Windows 8 pro is being offered by Microsoft at $40 (expected to be released in the fall of 2012), given that the customer has been using at least Windows XP. This applies to purchases made via windows.com and the offer is valid till 31 January 2013. But if you purchase the DVD package, be prepared to shell out $70 for the same.
In a blog post, Microsoft’s Brandon LeBlanc said that the intention was to make it very easy for users to upgrade to Windows 8. With this upgrade, Windows Media Center will be available free of cost.
His blog also stated:
- Customers with Windows 7 are eligible for upgrade from any consumer edition and can carry forward their settings, documents and other files, and also their applications.
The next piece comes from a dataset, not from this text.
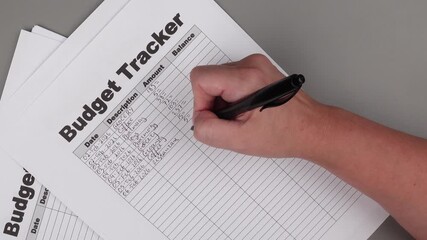 Open daily planner notebook on desk, with neatly handwritten organized Monthly Budget tracking table. With dates, categories and expenses. Personal finance management, spending and budgeting habits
- Those using Windows Vista can take everything except applications.
- Windows XP users cannot keep anything other than their personal files.
- Of course, everyone has the option to wipe the slate clean and start anew.
In a sense, it will be more of a ‘migration’ than an update.
If you purchase a PC with Windows 7 now, before Windows 8 is launched, then you can upgrade for just $15, but it’s better to wait, and get new hardware.
Microsoft’s hopes for the future are riding on Windows 8 and so it’s not surprising that they are pricing it low, as an enticement for customers.
When you upgrade to Windows 8 Pro through Windows.com, the process becomes easy thanks to the Windows 8 Upgrade Assistant. It walks you through the upgrade process: purchase, download and finally installation. It will ascertain if your PC is ready for Windows 8 and apprise you of any compatibility issues. This will help you do the necessary trouble shooting before the actual upgrading.
Windows 8 is majorly refurbished, with a new Metro Start Screen and a Windows Store where you can buy Metro style apps.
Here are some of the main features of Windows 8 Pro:
- Bit Locker and Bit Locker to Go: these are strong encryption features, and are especially helpful for portable devices.
- Domain Join and Group Policy: These features are extremely helpful for system administrators and will simplify the management of a Windows environment.
- Boot from VHD: you can create a virtual hard disk and eliminate the hassle of dual booting.
- Client Hyper V is a full strength hypervisor which lets you spin up a Windows domain controller or web server in seconds.
- Remote Desktop and Encryption of Files continues in Windows 8, carried forward from the earlier versions.
But this radical reinvention might intimidate many users; also most people don’t bother upgrading their operating systems until they change their computers, no matter how good or attractive the new one is.